In a written decision issued September 18, 2018, the ALJ found that Ruenger had the severe impairments of anxiety disorder with panic attacks, depressive disorder, cognitive issues including low intellectual quotient, degenerative disc disease, and left upper extremity dysfunction due to shoulder replacement with residual numbness. (Tr. 15.) The ALJ further found that Ruenger did not have an impairment or combination of impairments that met or medically equaled one of the listed impairments in 20 C.F.R. pt. 404, subpt.
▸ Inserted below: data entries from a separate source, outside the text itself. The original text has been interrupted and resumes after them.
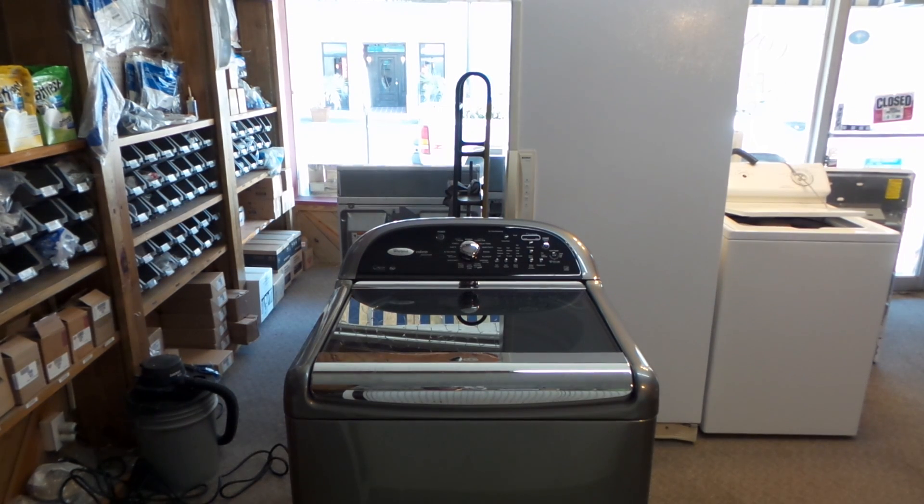Okay guys, what I have here today is a Whirlpool Cabrio Platinum. This machine is the same machine as a Maytag Bravos or Kenmore Oasis. They come in several different colors and several different kinds of trims — some of them have glass tops, some have lids that you can't see through, and the control boards are a little bit different on some of them.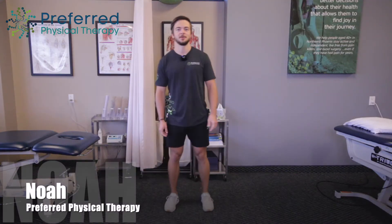Hi, I'm Noah with Preferred Physical Therapy. Today we're going to be doing some five-minute cardio, just getting jumping around and out of your seats.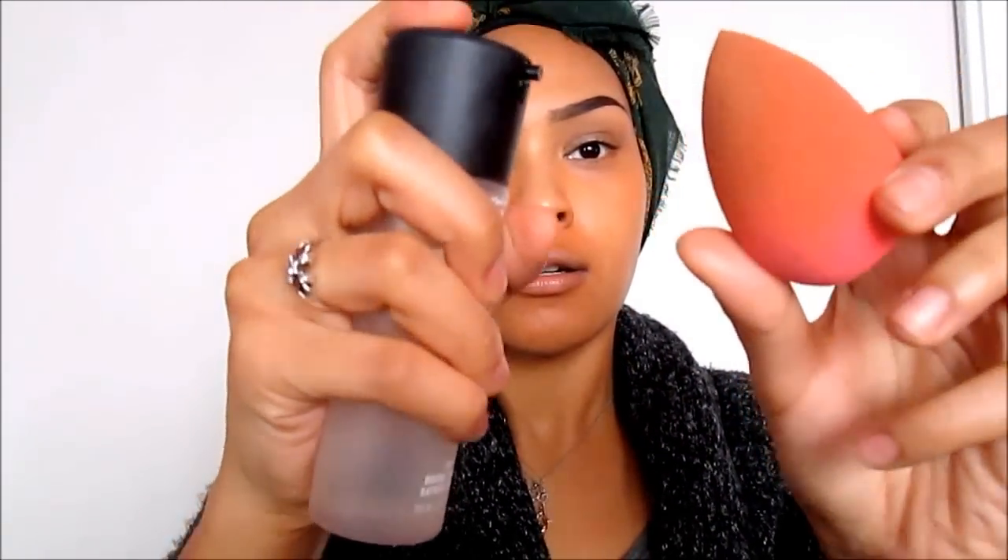I go back with Fix Plus and spray my Beauty Blender down. Then I take my foundation of choice — NARS Barcelona in Sheer Glow — and use the back of my hand. I take my Beauty Blender and apply it onto my face. I applied a thin layer of foundation onto my skin and blended it out with the Beauty Blender.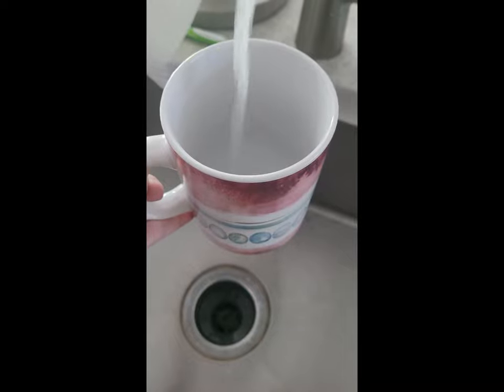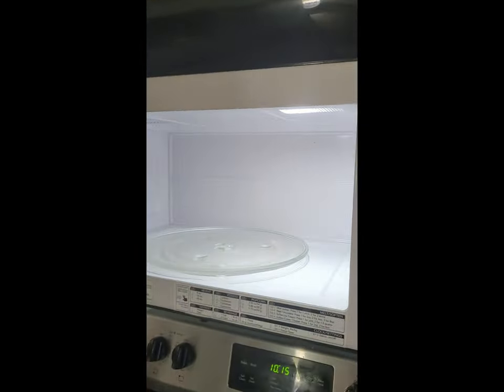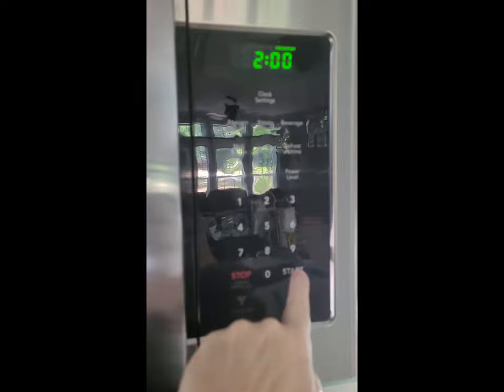Grab your coffee mug and fill it with about two inches of water. Place your coffee mug in the microwave and microwave it for two minutes.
P, app. 1 (the "listings"). (Tr. 17.) The ALJ found that Ruenger had the residual functional capacity ("RFC") to perform light work as defined in 20 C.F.R. § 416.967(b) except he could never reach overhead with the left upper extremity; frequently handle items with the left hand; never climb ladders, ropes, or scaffolds; never work at unprotected heights or around moving mechanical parts; never operate a motor vehicle in a place of work; and never have exposure to concentrated amounts of dust, odors, fumes, and/or other pulmonary irritants; and could push and pull occasionally. (Tr. 18.) With regard to understanding, remembering, and carrying out instructions, the ALJ found that Ruenger could perform simple, routine, and repetitive tasks but not at a production rate pace (e.g., assembly line work). (Id.) With regard to use of judgment in the workplace, the ALJ found Ruenger could make simple work-related decisions. (Id.) The ALJ further found that Ruenger could occasionally interact with supervisors, co-workers, and the general public; could tolerate occasional changes in a routine work setting. (Id.)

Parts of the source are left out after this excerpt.